Что касается ц е л и: у "изменяющего" Маркса она примерно та же, что у "объясняющих" философов. Это утопия, насилие над историей, царство разума, где не будет места ни Божественному, ни человеческому произволу, свободы не будет, вообще не будет ни Бога, ни даже (в прежнем понимании слова) человека. Недаром марксистский идеал так походит на все утопии, начиная с платоновой. Шестов же имеет целью свободу верующего человека ото всех видов "разумного" принуждения под покровительством Божественного произвола и в этом он противостоит не только победоносно "изменяющему" Марксу, но и неудачливо "объяснявшим" до Маркса философам.
Что касается с р е д с т в: уже достаточно ясен бесчеловечный путь "изменений" мира по Марксу. Шестов же пишет: "Из /.../ ужасов бытия /.../ выковывается страшный "Божий молот" пророков и Лютера. Н о м о л о т э т о т н а п р а в л е н н е п р о т и в ж и в о г о ч е л о в е к а (разрядка моя. А.С.)..." /153/. Против кого же? Против разума с его принуждающими истинами.

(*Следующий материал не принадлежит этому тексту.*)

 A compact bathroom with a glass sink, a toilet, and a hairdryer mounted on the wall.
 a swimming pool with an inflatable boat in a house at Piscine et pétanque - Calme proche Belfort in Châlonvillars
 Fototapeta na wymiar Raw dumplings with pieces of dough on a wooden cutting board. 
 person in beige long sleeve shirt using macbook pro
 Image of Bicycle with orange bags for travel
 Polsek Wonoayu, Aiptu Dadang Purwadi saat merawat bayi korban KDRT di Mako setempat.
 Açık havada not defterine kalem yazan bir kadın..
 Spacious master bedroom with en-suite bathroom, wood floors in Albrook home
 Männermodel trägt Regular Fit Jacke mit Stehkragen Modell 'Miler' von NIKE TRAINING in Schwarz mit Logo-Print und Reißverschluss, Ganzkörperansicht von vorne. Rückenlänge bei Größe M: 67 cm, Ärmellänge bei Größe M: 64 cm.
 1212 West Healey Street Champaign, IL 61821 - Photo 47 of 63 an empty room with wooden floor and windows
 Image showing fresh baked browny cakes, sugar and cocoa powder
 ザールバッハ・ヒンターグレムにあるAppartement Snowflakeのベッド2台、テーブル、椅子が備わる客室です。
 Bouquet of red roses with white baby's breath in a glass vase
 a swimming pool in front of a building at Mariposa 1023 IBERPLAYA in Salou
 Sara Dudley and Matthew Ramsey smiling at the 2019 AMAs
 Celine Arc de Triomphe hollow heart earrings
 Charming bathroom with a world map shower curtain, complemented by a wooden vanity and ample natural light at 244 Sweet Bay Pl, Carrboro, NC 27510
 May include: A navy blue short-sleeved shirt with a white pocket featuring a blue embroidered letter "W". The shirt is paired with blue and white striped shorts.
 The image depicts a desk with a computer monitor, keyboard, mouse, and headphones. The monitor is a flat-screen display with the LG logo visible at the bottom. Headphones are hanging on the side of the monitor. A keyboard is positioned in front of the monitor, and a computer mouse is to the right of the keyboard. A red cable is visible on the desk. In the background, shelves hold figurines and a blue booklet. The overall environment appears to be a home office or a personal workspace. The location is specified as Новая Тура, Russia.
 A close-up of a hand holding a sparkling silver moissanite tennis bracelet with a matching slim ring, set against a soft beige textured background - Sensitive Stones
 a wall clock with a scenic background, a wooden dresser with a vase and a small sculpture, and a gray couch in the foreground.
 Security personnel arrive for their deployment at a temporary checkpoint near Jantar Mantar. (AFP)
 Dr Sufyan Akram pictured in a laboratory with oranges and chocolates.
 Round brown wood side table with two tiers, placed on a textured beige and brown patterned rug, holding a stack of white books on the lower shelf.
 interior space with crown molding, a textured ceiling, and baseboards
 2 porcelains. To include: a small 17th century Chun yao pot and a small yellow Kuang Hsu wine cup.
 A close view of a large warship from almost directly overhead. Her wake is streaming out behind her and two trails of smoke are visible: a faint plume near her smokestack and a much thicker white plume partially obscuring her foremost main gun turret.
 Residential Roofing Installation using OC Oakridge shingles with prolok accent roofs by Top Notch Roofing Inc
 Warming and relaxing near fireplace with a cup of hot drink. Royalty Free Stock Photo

Против "чудовища", "не убив которого, человек не может жить" (Лютер).
Итак, с одной стороны рационализм ниспровергается насилием и кровью; причем вот парадокс! ниспровергается во имя его же, рационализма, древней мечты. С другой же стороны рационализм должна сокрушить (и сокрушить вот парадокс! до основания) "великая и последняя борьба" как и д е й н а я борьба в самом что ни на есть высочайшем смысле слова.
* * *
"Царство Божие, как сказано, берется силой" /273/.
Наше время грандиозная притча, разыгрывающаяся на арене мира. Надежды и страхи, бывшие в XIX веке достоянием фантазеров, писателей, кабинетных ученых, обрели ныне грубую реальность, оснастились средствами массового уничтожения, нареклись именами вождей, государств и политических партий. Идеи прошлого предстают нашему современнику в упрощенном, порой обезображенном виде зато с несравненной наглядностью. То, за что прежде приходилось расплачиваться напряжением мысли, ныне требуют в уплату человеческих жизней. Судьба человеческой мысли сегодня то и дело решается не в головах и не в университетских аудиториях. Решается она там, где решается судьба самого человека...
Тем ответственней и тем жизненней должен сегодня звучать голос мыслителя. Как и прозвучал несколько десятилетий назад вопрос Шестова:
"Разве живой, свободный человек может "принять", разве он может присутствовать при том, как позорят его дочерей, убивают сыновей, разрушают родину?"
Москва
Сентябрь 1979 июнь 1981
Лев Шестов. Афины и Иерусалим. Париж: YMCA-Press, 1951. 277 стр.
Ссылки на это издание даются цифрой, означающей номер цитируемой страницы, в прямых скобках. Также в прямых скобках, но распространеннее, даются ссылки на другие издания. Перевод иноязычных текстов, восполняющий отсутствие этого перевода в цитируемом источнике, дается в круглых скобках. Автор.